2. Case Presentation
A 45-year-old woman, G4 P4, was admitted to our clinic for the evaluation of abnormal uterine bleeding. She had history of fatigue and abdominal pain from 3 months earlier that treated with non-steroidal anti-inflammatory drugs. She had not complained of any gynecological problem other than menses disturbances and bleeding that was not evaluated for causative factors. Physical finding of cardiac and chest examination was unremarkable and abdominal examination revealed a mass with irregular counter over uterine in pelvic space. Chest x-ray was normal. Abdominal ultrasound revealed multiple leiomyomas of uterus. Trans-vaginal ultrasound confirmed existence of leiomyomas. Endometrial biopsy revealed no malignant cells or premalignant cells change disease. Laboratory exam revealed anemia (HB = 10g/dL) an elevated erythrocyte sedimentation rate (12) and normal value of CA 125 (24), which its normal range is 0 - 40 U/mL. Hepatic function tests were in upper normal ranges.
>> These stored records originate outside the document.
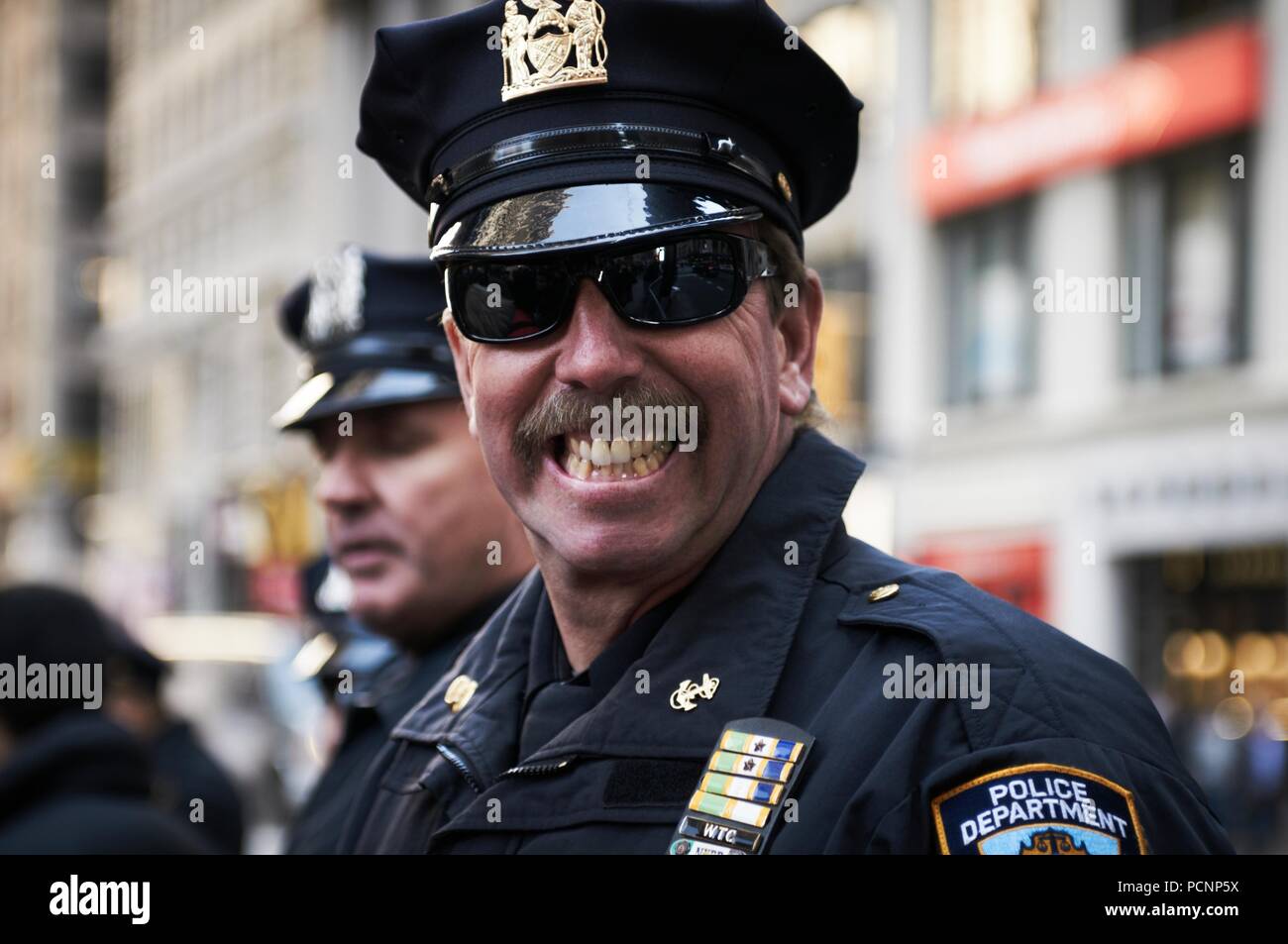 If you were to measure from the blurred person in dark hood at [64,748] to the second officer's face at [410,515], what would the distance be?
62 centimetres

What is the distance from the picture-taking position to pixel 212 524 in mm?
38125

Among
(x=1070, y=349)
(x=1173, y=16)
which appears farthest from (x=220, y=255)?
(x=1173, y=16)

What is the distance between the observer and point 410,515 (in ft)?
12.3

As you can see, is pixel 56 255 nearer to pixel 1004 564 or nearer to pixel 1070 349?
pixel 1004 564

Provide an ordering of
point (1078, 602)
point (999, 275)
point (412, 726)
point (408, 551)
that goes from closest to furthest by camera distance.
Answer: point (412, 726)
point (408, 551)
point (1078, 602)
point (999, 275)

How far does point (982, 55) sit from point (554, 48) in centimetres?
1887

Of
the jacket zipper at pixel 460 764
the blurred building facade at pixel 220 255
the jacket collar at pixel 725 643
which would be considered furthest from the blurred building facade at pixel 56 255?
the jacket collar at pixel 725 643

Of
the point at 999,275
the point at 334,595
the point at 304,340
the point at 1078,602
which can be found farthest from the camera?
the point at 999,275

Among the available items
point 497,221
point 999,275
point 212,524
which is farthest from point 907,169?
point 212,524

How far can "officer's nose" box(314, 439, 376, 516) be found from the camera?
3844 mm

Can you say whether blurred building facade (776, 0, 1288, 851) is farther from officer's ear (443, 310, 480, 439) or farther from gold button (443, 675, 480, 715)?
officer's ear (443, 310, 480, 439)

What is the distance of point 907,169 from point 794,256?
1926cm

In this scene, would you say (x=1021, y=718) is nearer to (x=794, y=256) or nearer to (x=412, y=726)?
(x=794, y=256) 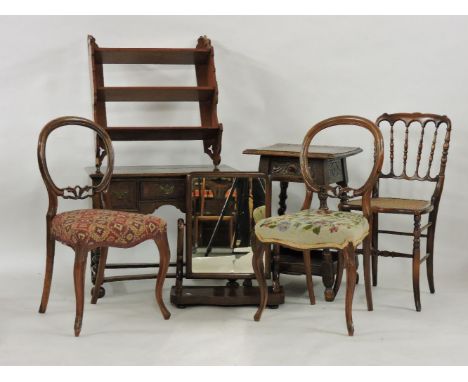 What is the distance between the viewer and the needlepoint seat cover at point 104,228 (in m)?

Abdominal inspection during operation revealed mobile and pliable left and right FT without any inflammatory reaction to surrounding tissue. Total abdominal hysterectomy was performed and bilateral ovaries and FTs were saved. The permanent pathologic examination documented leiomyomas of uterus. The patient was discharged to home on 3rd post hysterectomy day. One year after the operation, she had conferred again to the hospital with complain of abdominal pain during body movement and vaginal discharge. In ultrasound examination, no collection was found in the pelvic cavity. One month later, the patient had conferred again for a scheduled vaginal examination that showed a protruding red mass in vaginal cuff. The Pap smear findings were negative for dysplasia or neoplasia; however, a scattered cluster of glandular cells was noted. About 10 days later, the patient was admitted to the outpatient clinic with foul smelling vaginal discharge and history of concomitant bloody spotting during intercourse. On examination, a red outpunching tubular structure with a fimbriated end was detected at the vaginal cuff that extensively attached to vaginal cuff. A diagnosis of fallopian tube prolapsed was suspected in operating room with vaginal approach. This entrapped part of the suspected fallopian tube in vagina was grasping with a ring forceps, and suture was in base of fallopian tube. Subsequent pathological examination revealed that the removed tissue was the fallopian tube.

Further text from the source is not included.